* **Problem**
Only the lines from the one holding "Phong cách sang" to the end of the data should be echoed, exactly as they appear, minus the pictures.
.....
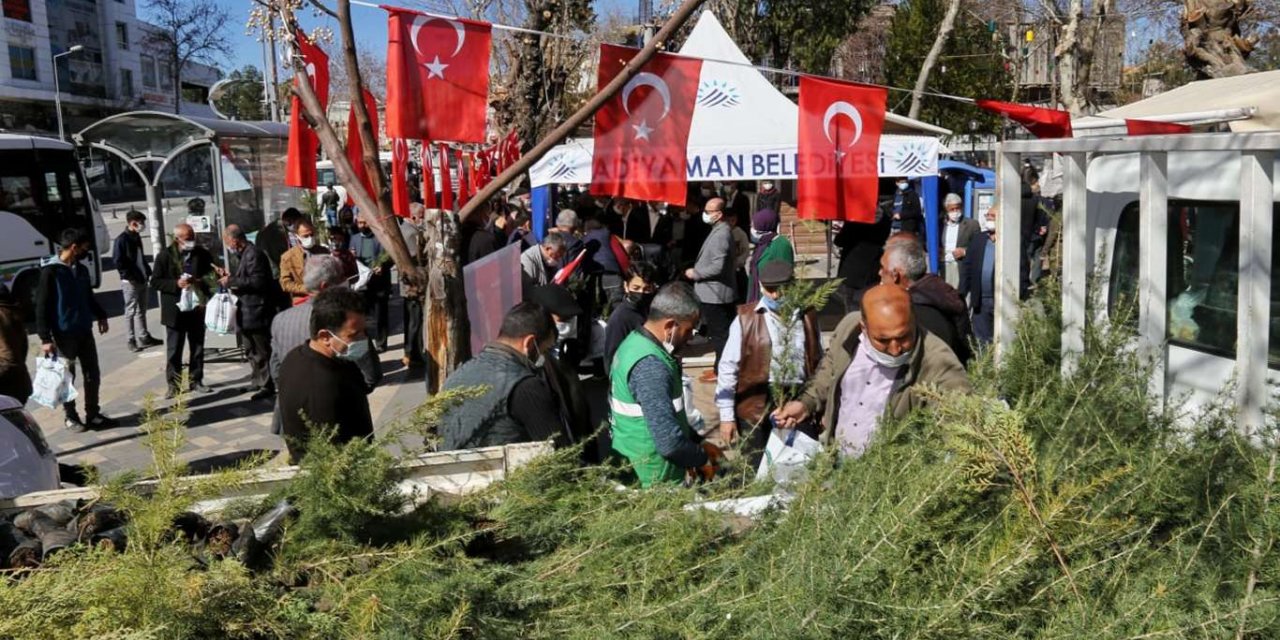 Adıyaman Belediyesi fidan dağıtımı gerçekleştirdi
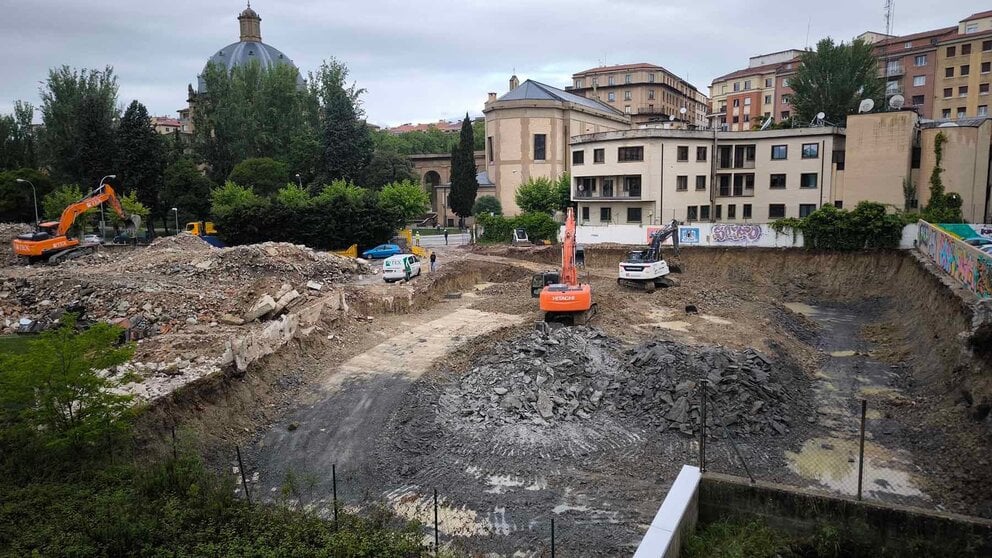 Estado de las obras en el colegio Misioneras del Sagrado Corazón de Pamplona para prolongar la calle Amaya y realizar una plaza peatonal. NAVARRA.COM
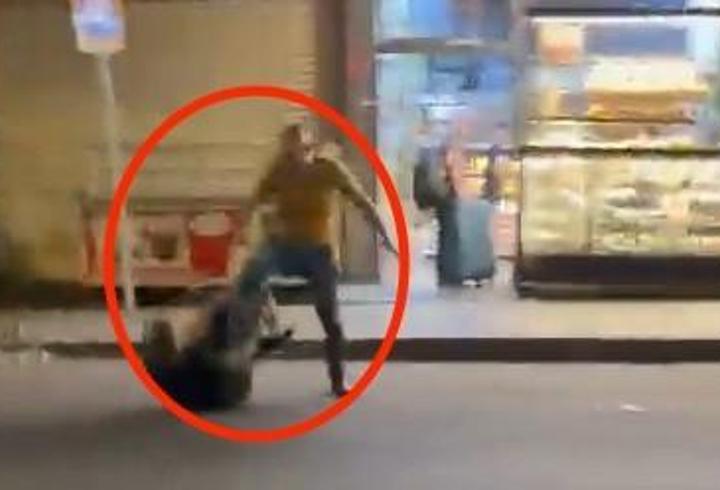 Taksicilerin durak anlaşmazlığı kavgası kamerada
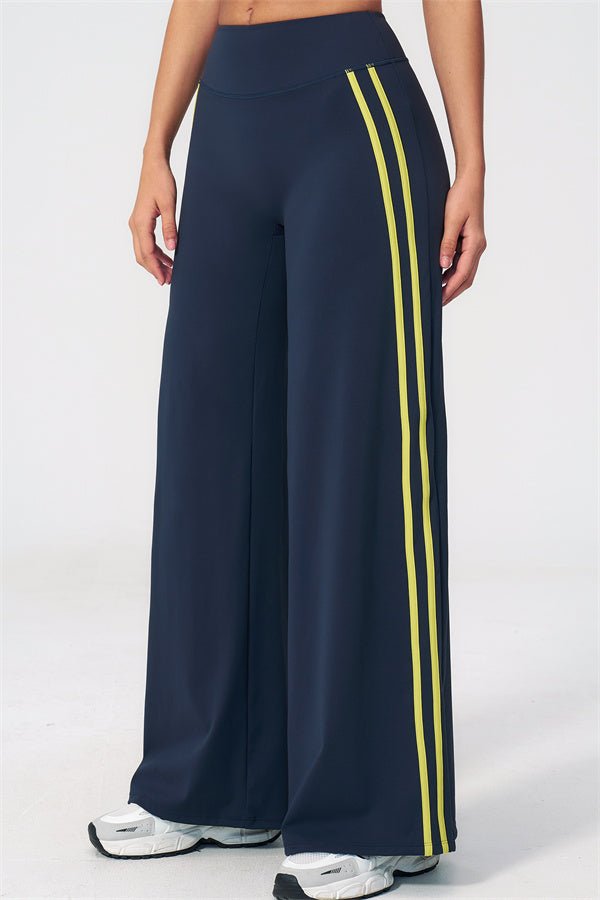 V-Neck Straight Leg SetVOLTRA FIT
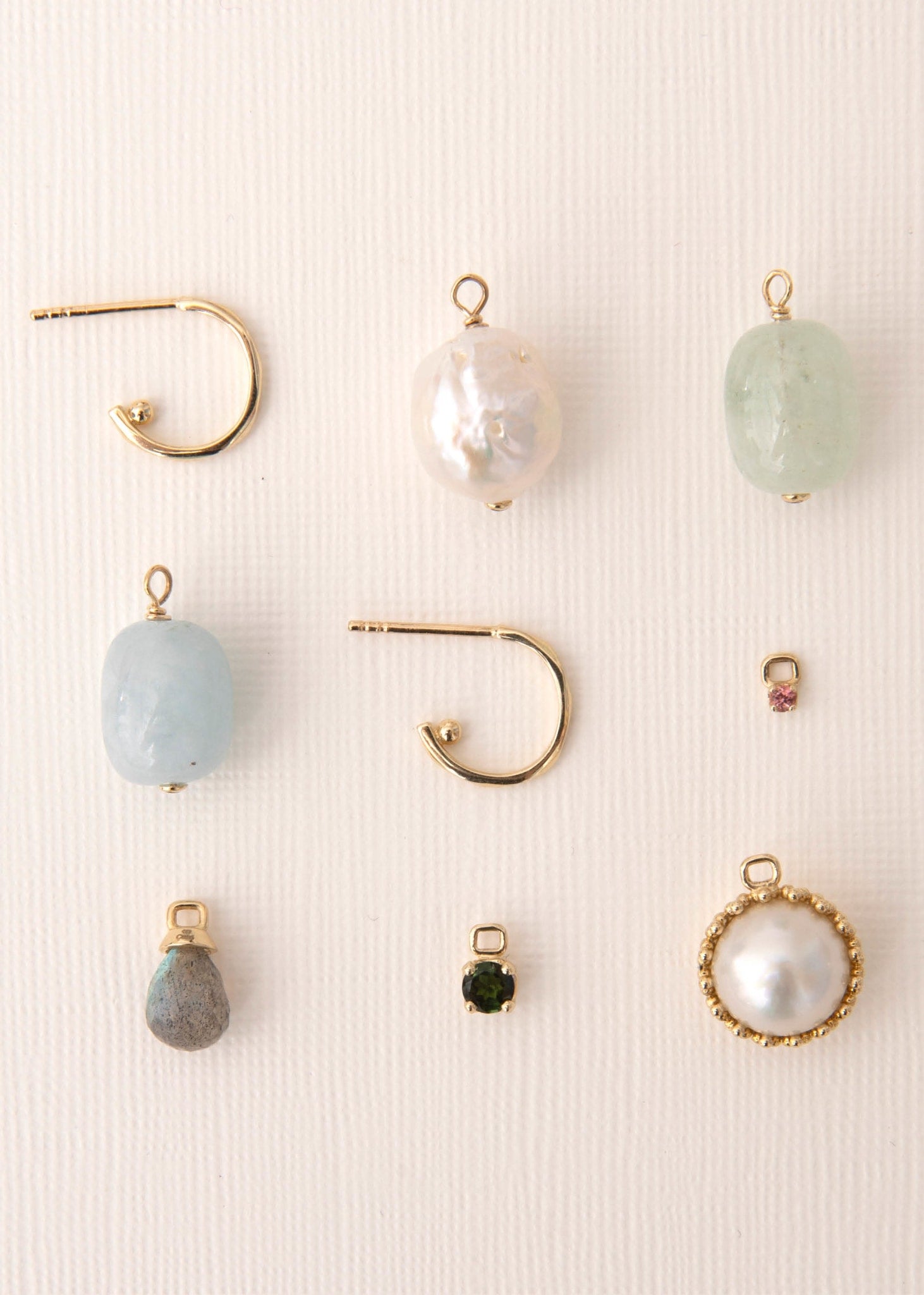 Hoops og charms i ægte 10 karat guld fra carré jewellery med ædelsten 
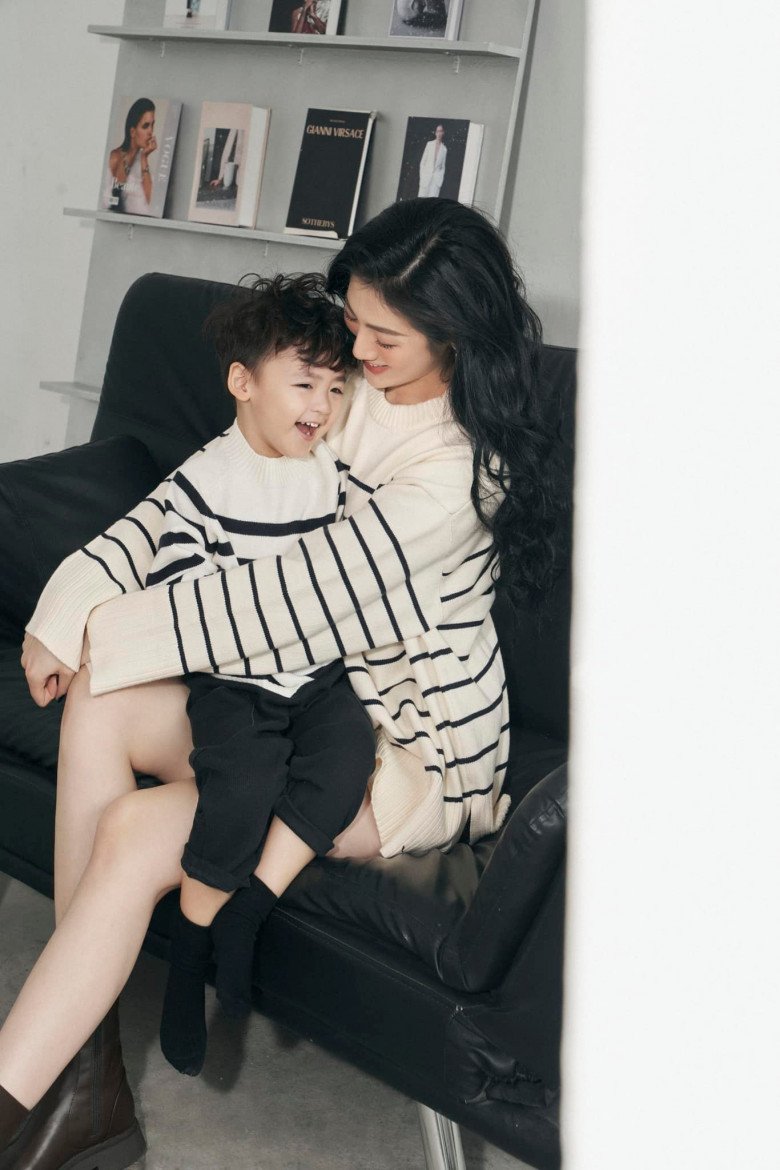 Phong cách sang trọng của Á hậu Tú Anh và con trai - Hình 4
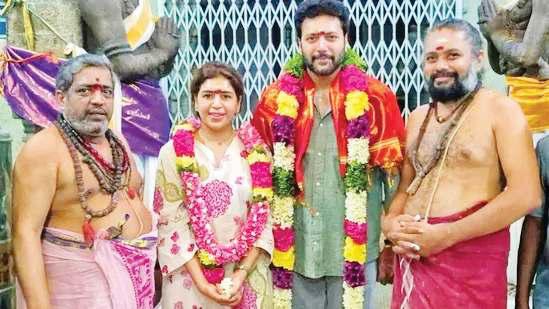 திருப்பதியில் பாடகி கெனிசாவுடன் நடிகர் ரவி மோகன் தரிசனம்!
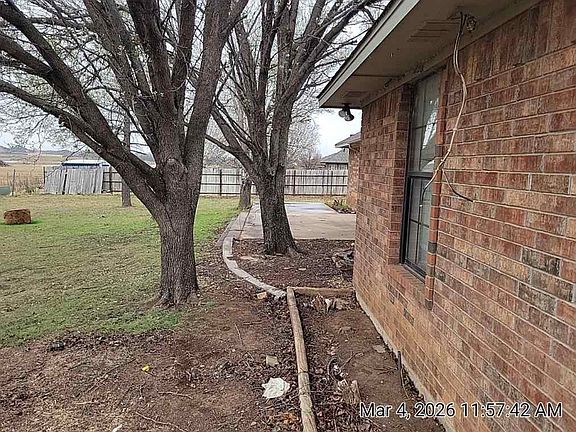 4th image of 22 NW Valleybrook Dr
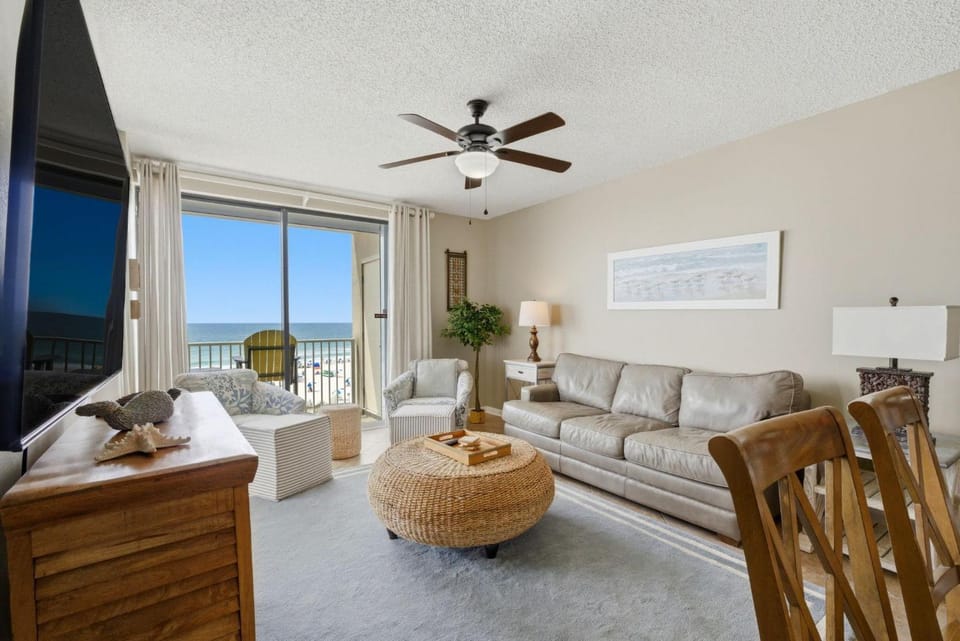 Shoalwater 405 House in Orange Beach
.....
* **Finished exercise**
 Phong cách sang trọng của Á hậu Tú Anh và con trai - Hình 4
 திருப்பதியில் பாடகி கெனிசாவுடன் நடிகர் ரவி மோகன் தரிசனம்!
 4th image of 22 NW Valleybrook Dr
 Shoalwater 405 House in Orange Beach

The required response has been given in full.